Dynamic-Link Library Best Practices
- May 17, 2006
Creating DLLs presents a number of challenges for developers. DLLs do not have system-enforced versioning. When multiple versions of a DLL exist on a system, the ease of being overwritten coupled with the lack of a versioning schema creates dependency and API conflicts. Complexity in the development environment, the loader implementation, and the DLL dependencies has created fragility in load order and application behavior. Lastly, many applications rely on DLLs and have complex sets of dependencies that must be honored for the applications to function properly.
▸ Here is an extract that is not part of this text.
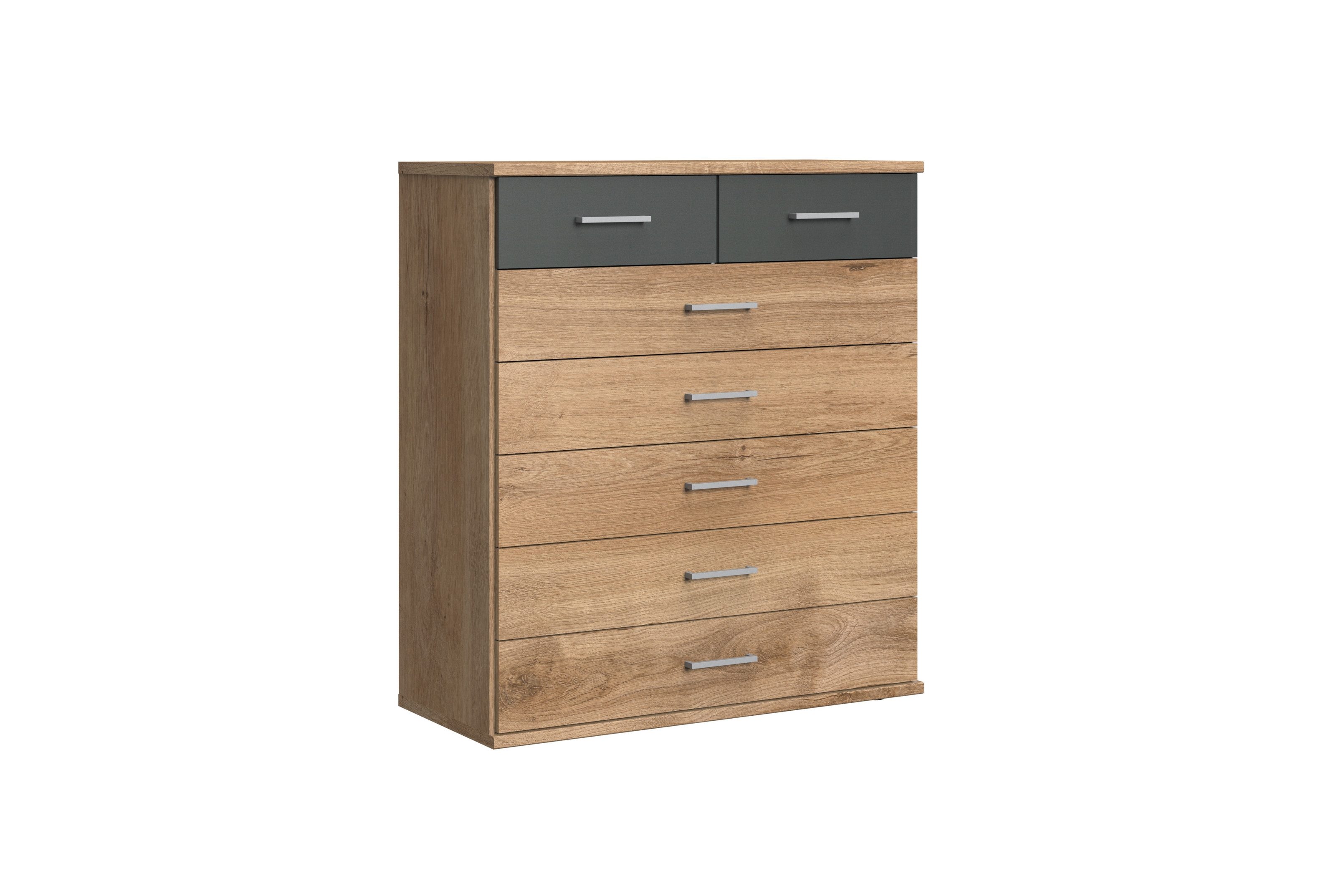 freiraum Kommode Click (B/H/T: 90x106x40 cm), in Plankeneiche-Nachbildung mit 7 Schubladen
This document provides guidelines for DLL developers to help in building more robust, portable, and extensible DLLs.
Improper synchronization within DllMain can cause an application to deadlock or access data or code in an uninitialized DLL. Calling certain functions from within DllMain causes such problems.
General Best Practices
DllMain is called while the loader-lock is held. Therefore, significant restrictions are imposed on the functions that can be called within DllMain. As such, DllMain is designed to perform minimal initialization tasks, by using a small subset of the Microsoft® Windows® API. You cannot call any function in DllMain that directly or indirectly tries to acquire the loader lock. Otherwise, you will introduce the possibility that your application deadlocks or crashes. An error in a DllMain implementation can jeopardize the entire process and all of its threads.
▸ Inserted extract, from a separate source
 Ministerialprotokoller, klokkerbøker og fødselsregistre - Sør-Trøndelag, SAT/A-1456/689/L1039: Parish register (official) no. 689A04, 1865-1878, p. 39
The ideal DllMain would be just an empty stub. However, given the complexity of many applications, this is generally too restrictive. A good rule of thumb for DllMain is to postpone as much initialization as possible. Lazy initialization increases robustness of the application because this initialization is not performed while the loader lock is held. Also, lazy initialization enables you to safely use much more of the Windows API.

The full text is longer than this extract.